%%

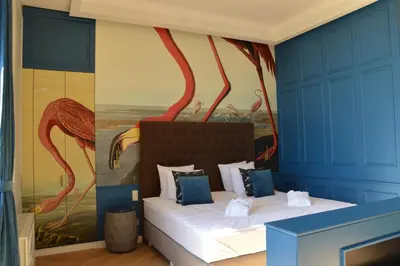 a bedroom with a painting of flamingos on the wall at Vytautas Mineral SPA in Birštonas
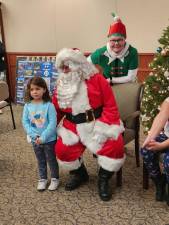 Ezra DeJesus stands by Santa, with elf Kathy Judd behind him. Santa arrived on a firetruck and greeted families inside the Hardyston municipal building. (Photos by Ava Lamorte)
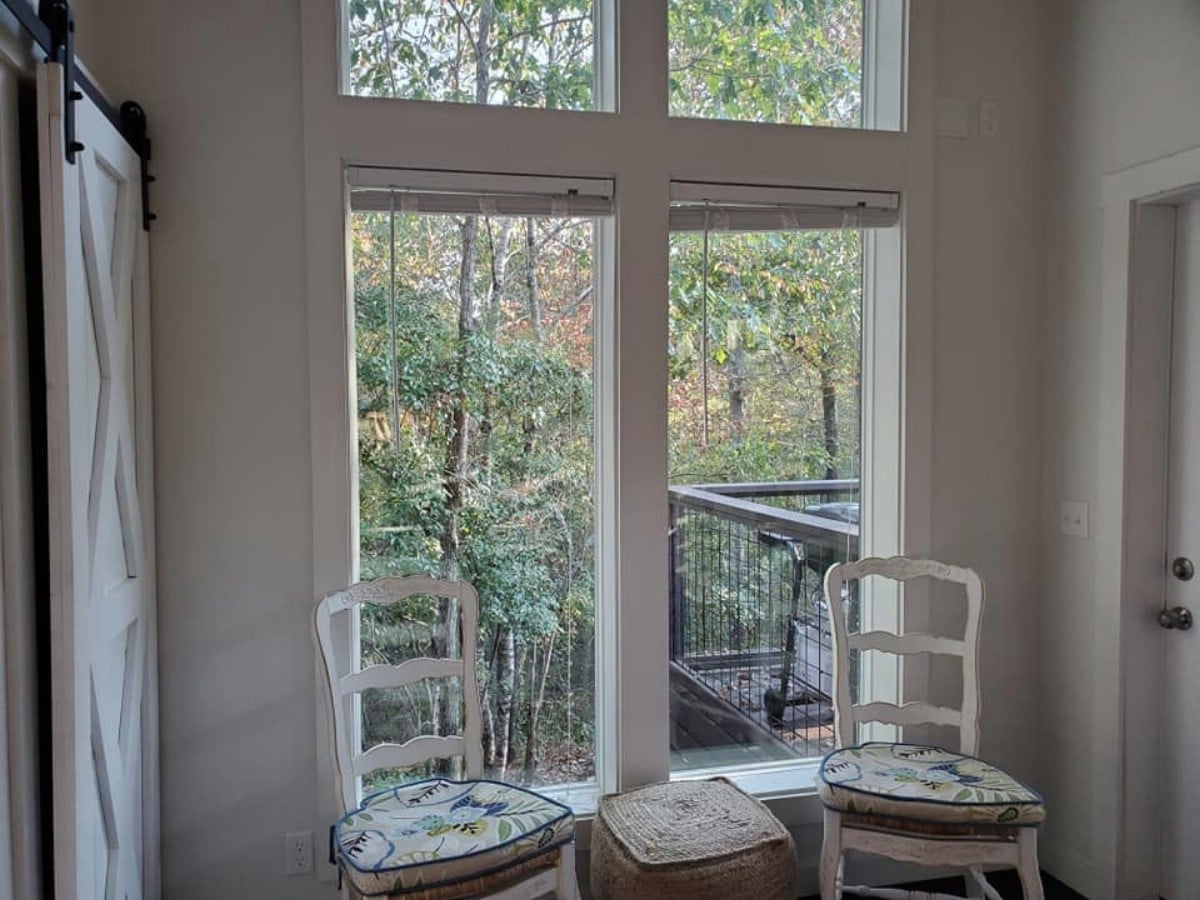 Large windows to wooded area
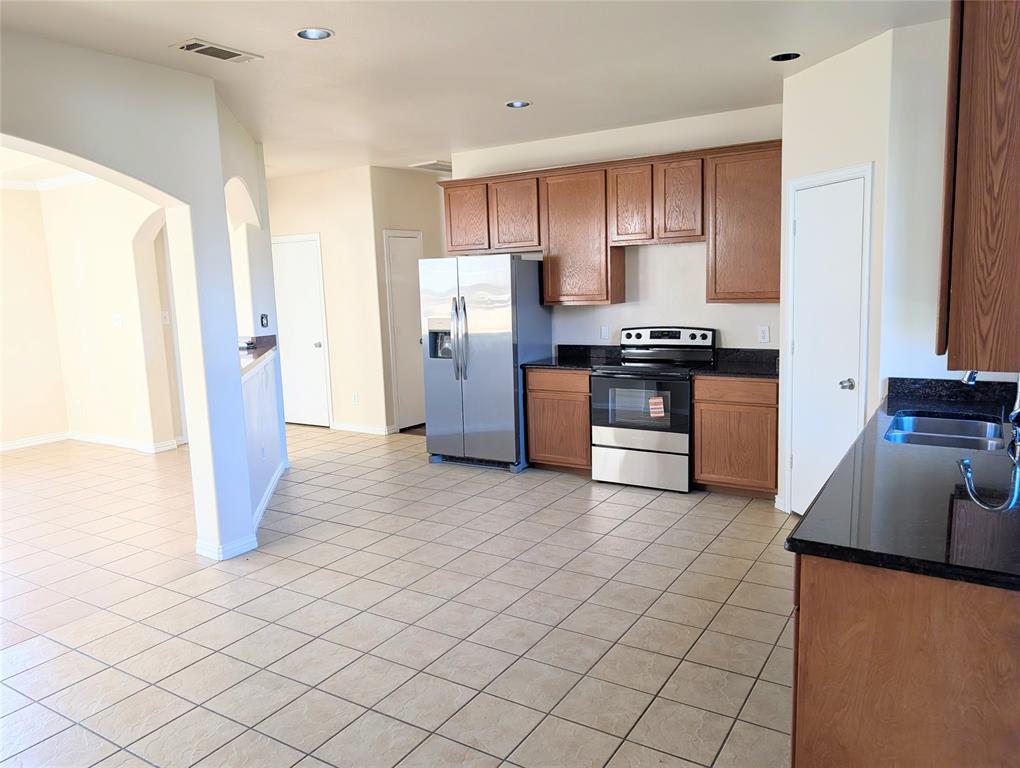 1223 Georgia Avenue Dallas, TX 75216 - Photo 4 of 13 a kitchen with stainless steel appliances granite countertop a refrigerator stove and sink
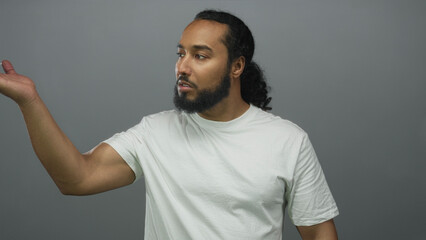 Bearded man shrugging with raised palms and closed eyes in a gray studio, neutral expression and...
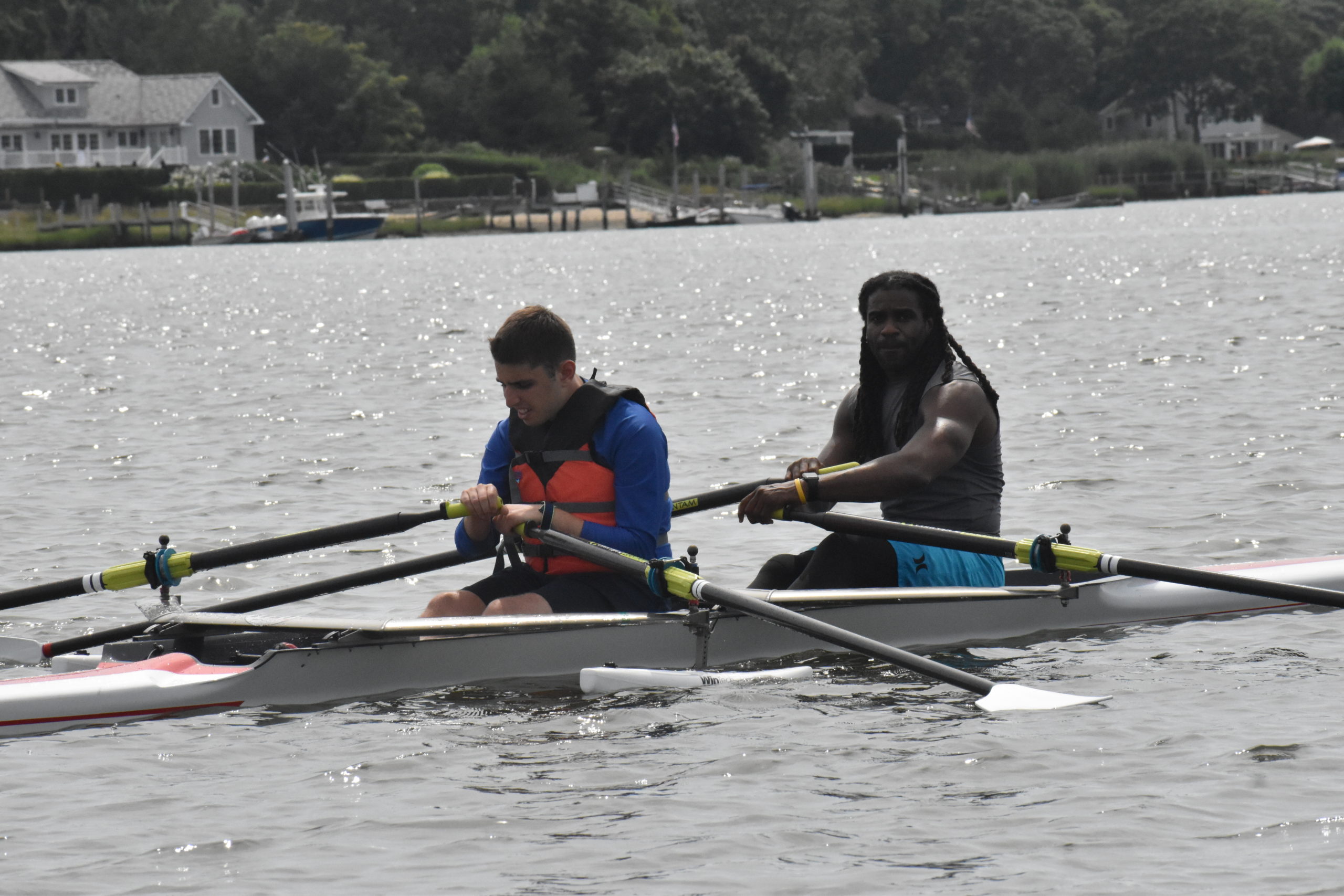 Michael Kessaris, left, and Claude Saturnin practice in Sag Harbor Cove. STEPHEN J. KOTZ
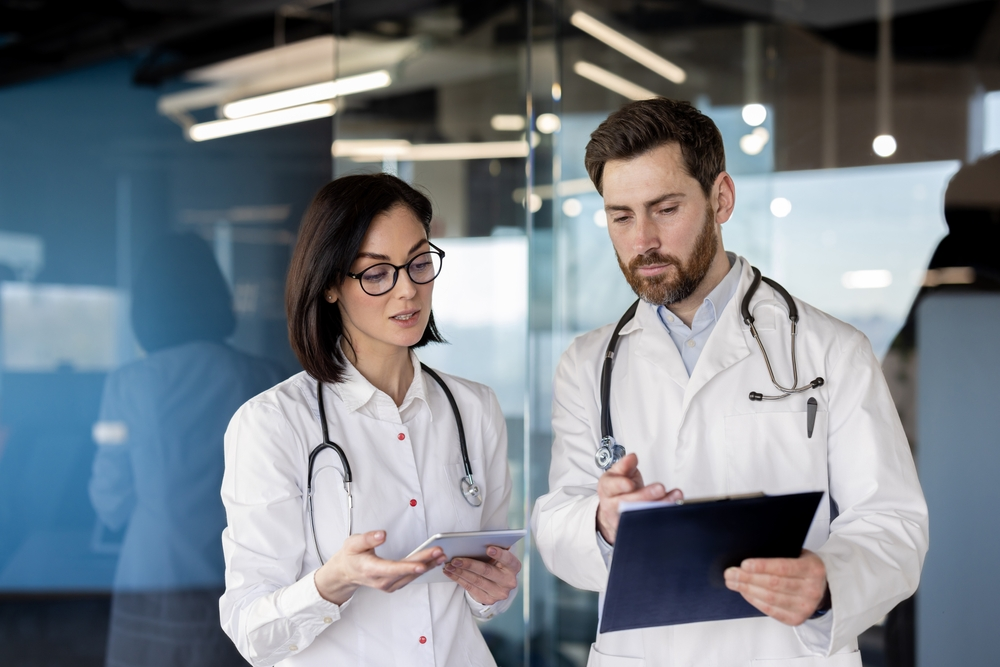 Clinicians collaborating with a tablet
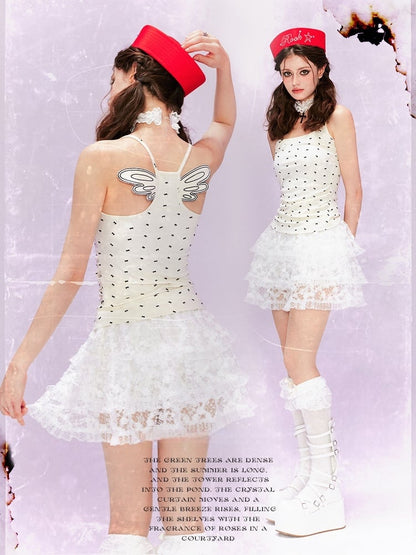 ベージュ オールオーバーデザイン バックキャミトップ 蝶結びプリント ウィング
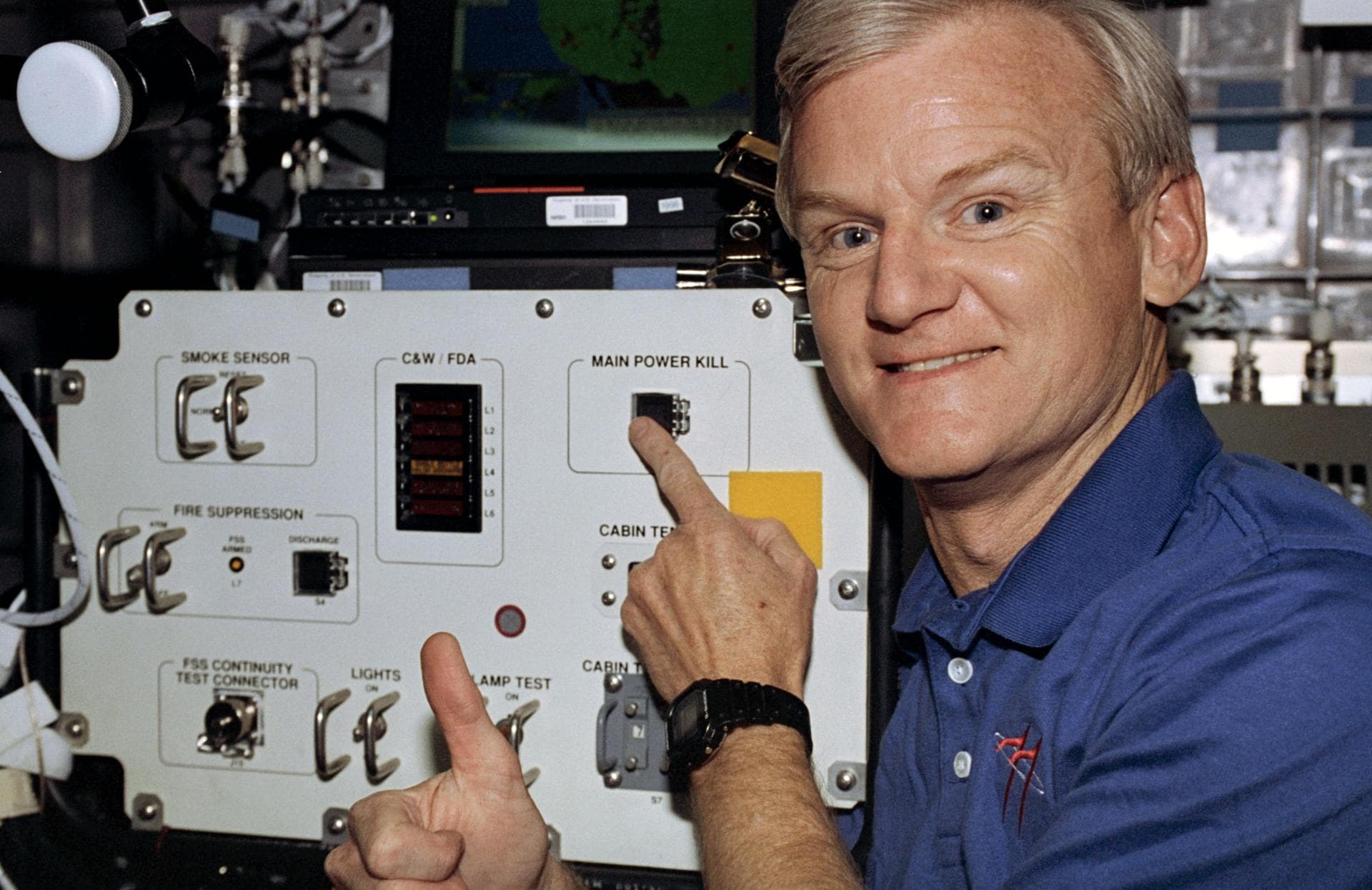 STS077-372-019 (19-29 May 1996) --- Astronaut John H. Casper, commander, holds his finger on the power kill switch on the Spacehab 4 Module aboard the Earth-orbiting Space Shuttle Endeavour.  Casper a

%%

### Work required
Everything in the preceding material must be transcribed exactly, except the images.

### Answer section
 a bedroom with a painting of flamingos on the wall at Vytautas Mineral SPA in Birštonas
 Ezra DeJesus stands by Santa, with elf Kathy Judd behind him. Santa arrived on a firetruck and greeted families inside the Hardyston municipal building. (Photos by Ava Lamorte)
 Large windows to wooded area
 1223 Georgia Avenue Dallas, TX 75216 - Photo 4 of 13 a kitchen with stainless steel appliances granite countertop a refrigerator stove and sink
 Bearded man shrugging with raised palms and closed eyes in a gray studio, neutral expression and...
 Michael Kessaris, left, and Claude Saturnin practice in Sag Harbor Cove. STEPHEN J. KOTZ
 Clinicians collaborating with a tablet
 ベージュ オールオーバーデザイン バックキャミトップ 蝶結びプリント ウィング
 STS077-372-019 (19-29 May 1996) --- Astronaut John H. Casper, commander, holds his finger on the power kill switch on the Spacehab 4 Module aboard the Earth-orbiting Space Shuttle Endeavour.  Casper a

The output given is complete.